Szenetypisch hatte er sich auch für Waffen begeistert. „Ich hab’ so’n Bajonett gehabt“, sagte S. am Donnerstag. In den Tagen zuvor hatte er bereits von einem Teleskopstock berichtet, von einer Schreckschusspistole, von einem in Tschechien gekauften Schlagring, von einem Ninja-Stern, einer Zwille, einem „Springmesser“ und einem „Abwehrspray“. In einem „Tarnanzug“ nahm er an einer „nationalen Herbstwanderung“ teil, zum Übernachten hatte sich S. einen französischen Armeeschlafsack gekauft. Die Schreckschusspistole warf er Ende 2011 in Düsseldorf in den Rhein, als der NSU aufgeflogen war.
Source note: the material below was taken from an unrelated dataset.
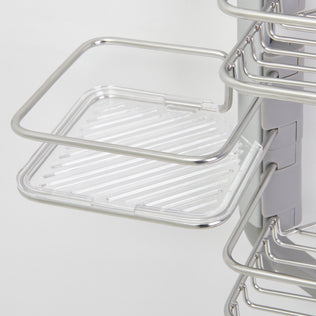 Close-up of the Artika O2 hanging Shower Caddy, a metal wire rack with a clear plastic tray featuring diagonal stripes. Multiple adjustable shelves are attached to its vertical support.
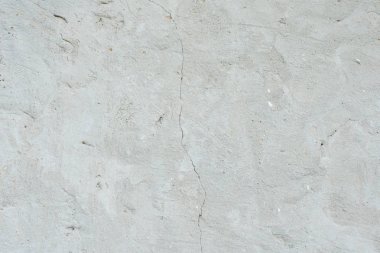 Çizikler ve çatlaklar ile duvar parçası. Arka plan olarak kullanılabilir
Er ahnte, dass die Polizei wegen der Ceska 83 auch zu ihm kommen würde und wollte nicht, wie er sagt, wegen der Schreckschusspistole immer noch für einen Nazi gehalten werden. Carsten S. hatte nach dem Bruch mit der rechten Szene Jena verlassen und in Düsseldorf ein Studium der Sozialpädagogik absolviert. In der Stadt am Rhein war er bis zur Festnahme im Februar 2012 in schwul-lesbischen Projekten tätig.
Die Bundesanwaltschaft wirft S. und Wohlleben wegen der Ceska Beihilfe zu neunfachem Mord vor. Carsten S. befindet sich im Zeugenschutzprogramm des Bundeskriminalamts, um Racheaktionen von Neonazis vorzubeugen. Auch der ebenfalls geständige Holger G. (39) wird vom BKA versteckt gehalten. Holger G. wollte im Prozess bislang keine Fragen zu seinem Geständnis beantworten.